I think in igb_tx_csum(), by checking skb->csum_not_inet would be enough
to validate that is a SCTP request:
-               if (((first->protocol == htons(ETH_P_IP)) &&
-                    (ip_hdr(skb)->protocol == IPPROTO_SCTP)) ||
-                   ((first->protocol == htons(ETH_P_IPV6)) &&
-                    igb_ipv6_csum_is_sctp(skb))) {
+               if (skb->csum_not_inet) {
                        type_tucmd = E1000_ADVTXD_TUCMD_L4T_SCTP;
                        break;
                }

Otherwise, we will need to parse the packet a little bit, as it does in
hns3_get_l4_protocol().

>

> > v1->v2:

> >   - improve the changelog.

> >   - fix "rev xmas tree" in varibles declaration.

> >

> > Signed-off-by: Xin Long <lucien.xin@gmail.com>

> > ---

> >  net/ipv4/gre_offload.c | 15 ++++-----------

> >  1 file changed, 4 insertions(+), 11 deletions(-)

> >

> > diff --git a/net/ipv4/gre_offload.c b/net/ipv4/gre_offload.c

> > index e0a2465..a681306 100644

> > --- a/net/ipv4/gre_offload.c

> > +++ b/net/ipv4/gre_offload.c

> > @@ -15,10 +15,10 @@ static struct sk_buff *gre_gso_segment(struct sk_buff *skb,

> >                                        netdev_features_t features)

> >  {

> >         int tnl_hlen = skb_inner_mac_header(skb) - skb_transport_header(skb);

> > -       bool need_csum, need_recompute_csum, gso_partial;

> >         struct sk_buff *segs = ERR_PTR(-EINVAL);

> >         u16 mac_offset = skb->mac_header;

> >         __be16 protocol = skb->protocol;

> > +       bool need_csum, gso_partial;

> >         u16 mac_len = skb->mac_len;

> >         int gre_offset, outer_hlen;

> >

> > @@ -41,10 +41,11 @@ static struct sk_buff *gre_gso_segment(struct sk_buff *skb,

> >         skb->protocol = skb->inner_protocol;

> >

> >         need_csum = !!(skb_shinfo(skb)->gso_type & SKB_GSO_GRE_CSUM);

> > -       need_recompute_csum = skb->csum_not_inet;

> >         skb->encap_hdr_csum = need_csum;

> >

> >         features &= skb->dev->hw_enc_features;

> > +       /* CRC checksum can't be handled by HW when SCTP is the inner proto. */

> > +       features &= ~NETIF_F_SCTP_CRC;

> >

> >         /* segment inner packet. */

> >         segs = skb_mac_gso_segment(skb, features);

>

> Do we have NICs that are advertising NETIF_S_SCTP_CRC as part of their

> hw_enc_features and then not supporting it?
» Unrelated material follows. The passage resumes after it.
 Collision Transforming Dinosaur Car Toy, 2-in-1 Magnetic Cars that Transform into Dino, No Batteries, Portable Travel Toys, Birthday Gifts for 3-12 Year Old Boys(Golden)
Based on your comment

Yes, igb/igbvf/igc/ixgbe/ixgbevf, they have a similar code of SCTP
proto validation.

> above it seems like you are masking this out because hardware is

> advertising features it doesn't actually support. I'm just wondering

> if that is the case or if this is something where this should be

> cleared if need_csum is set since we only support one level of

> checksum offload.

Since only these drivers only do SCTP proto validation, and "only
one level checksum offload" issue only exists when inner packet
is SCTP packet, clearing NETIF_F_SCTP_CRC should be enough.
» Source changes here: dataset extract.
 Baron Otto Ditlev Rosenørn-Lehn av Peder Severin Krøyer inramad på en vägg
But seems to fix the drivers will be better, as hw_enc_features should
tell the correct features for inner proto. wdyt?

(Just note udp tunneling SCTP doesn't have this issue, as the outer
 udp checksum is always required by RFC)

>

> > @@ -99,15 +100,7 @@ static struct sk_buff *gre_gso_segment(struct sk_buff *skb,

> >                 }

> >

> >                 *(pcsum + 1) = 0;

> > -               if (need_recompute_csum && !skb_is_gso(skb)) {

> > -                       __wsum csum;

> > -

> > -                       csum = skb_checksum(skb, gre_offset,

> > -                                           skb->len - gre_offset, 0);

> > -                       *pcsum = csum_fold(csum);

> > -               } else {

> > -                       *pcsum = gso_make_checksum(skb, 0);

> > -               }

> > +               *pcsum = gso_make_checksum(skb, 0);

> >         } while ((skb = skb->next));

> >  out:

> >         return segs;

> > --

> > 2.1.0

> >
Alexander Duyck Jan. 13, 2021, 2:11 a.m. UTC | #3
On Mon, Jan 11, 2021 at 9:14 PM Xin Long <lucien.xin@gmail.com> wrote:
>

> On Tue, Jan 12, 2021 at 12:48 AM Alexander Duyck

> <alexander.duyck@gmail.com> wrote:

> >

> > On Mon, Jan 11, 2021 at 5:22 AM Xin Long <lucien.xin@gmail.com> wrote:

> > >

> > > This patch is to let it always do CRC checksum in sctp_gso_segment()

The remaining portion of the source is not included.